The Aug. 12, 2009 letter from Richard LeBaron, the charge d’affaires at the U.S. Embassy in London, to Scottish First Minister Alex Salmond sets out the views of the American government as Scotland grappled with whether to release Abdel Baset al-Megrahi, the only person convicted in the bombing attack on Pan Am Flight 103.
“The United States maintains its view that in light of the scope of Megrahi’s crime, its heinous nature, and its continuing and devastating impact on the victims and their families, it would be most appropriate for Megrahi to remain imprisoned for the entirety of his sentence,” the letter says, declaring the U.S was not willing to support his release on either compassionate grounds or under a prisoner transfer agreement…The (U.S.) senators will also probe whether an exploration deal between Libya and London-based oil company BP had an impact on the decision to release al-Megrahi…And if Scotland did decide to free al-Megrahi on grounds of ill health, the U.S. asked that he be forbidden from traveling outside the country to ensure that he didn’t receive a hero’s welcome in Libya.

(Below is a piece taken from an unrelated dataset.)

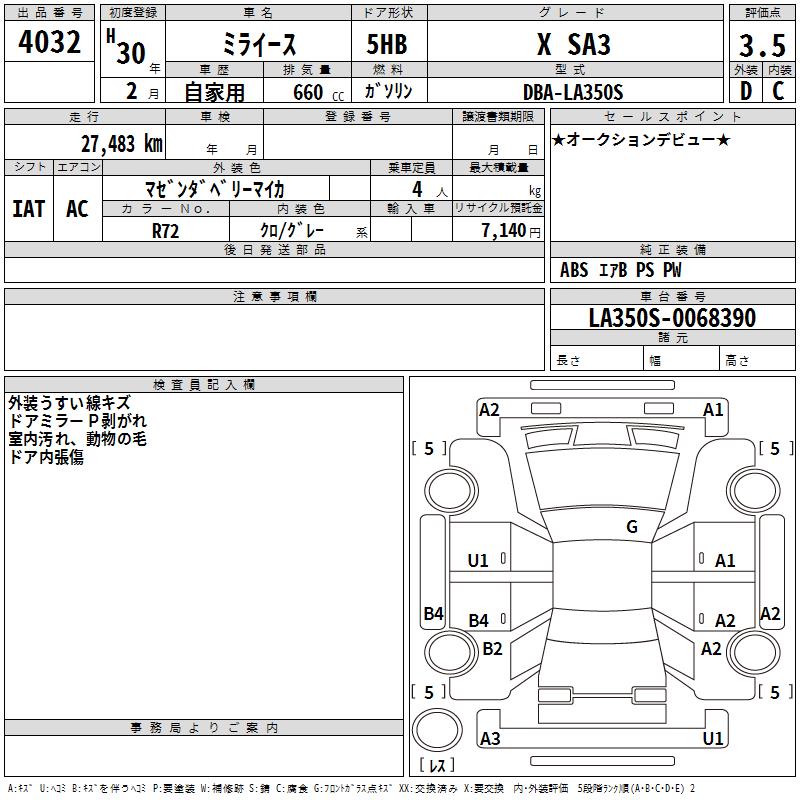 DAIHATSU MIRA E:S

Thousands turned out to cheer al-Megrahi as his flight landed in Tripoli, scenes the British government described as “deeply distressing.”* Link.
Annoyance that the U.S. seemed to be trying to interfere with the justice system in another country should be tempered by the knowledge that foreign nationals have put their two cents in on a number of U.S. criminal cases, including that of Mumia Abu-Jamal (convicted of murdering a Philadelphia policeman), who’s been named an honorary citizen of 25 cities around the world and had a street in Paris named after him.
Since the US Senate is involved in both internal lawmaking and treaty approval, senators certainly have a role in exploring the events that led to the release of a criminal such as Al Megrahi. For example, they could conclude that the laws of other countries are insufficient in the goal of providing justice under such circumstances, and strengthen US law in the area of a US prosecution for these kinds of acts, even if they don’t take place on American soil (or in American air.)
So to the extent that the OP is suggesting that the U.S. has no interest at all in the decision to release Al M, I disagree.
But UK government officials are actors for a sovereign government. And the OP is right that the U.S. has no right or justification to “demand,” that they do anything, or to suggest it’s “outrageous” if they do not. The U.S. can certainly say something like, “We are going to hold hearings on the issue, hearings designed to inform us on the underlying facts and as a predicate to modifying U.S. law with respect to extradition treaties, concurrent jurisdiction, and the like. You are cordially invited to attend, and we hope you do, because it would be unfortunate to make these kinds of decisions without your valuable input.”
I can see no cause for UK offense at that statement. I agree that the idea that US lawmakers can summon, can order UK officials to appear is itself outrageous.
I’m surprised at you Bricker. You’re certainly savvy enough to know that there’s a hell of a lot more to this case than you’ve suggested. You don’t think that perhaps there’s a modicum of disengenuity about the current posturing, given that the last thing the US (and the English/Scottish Govts) wanted was an appeal that was going to expose all kinds of shady dealings in the case, and potentially highlight the fact that the ‘criminal’ in this case might not have been convicted on the most secure of grounds?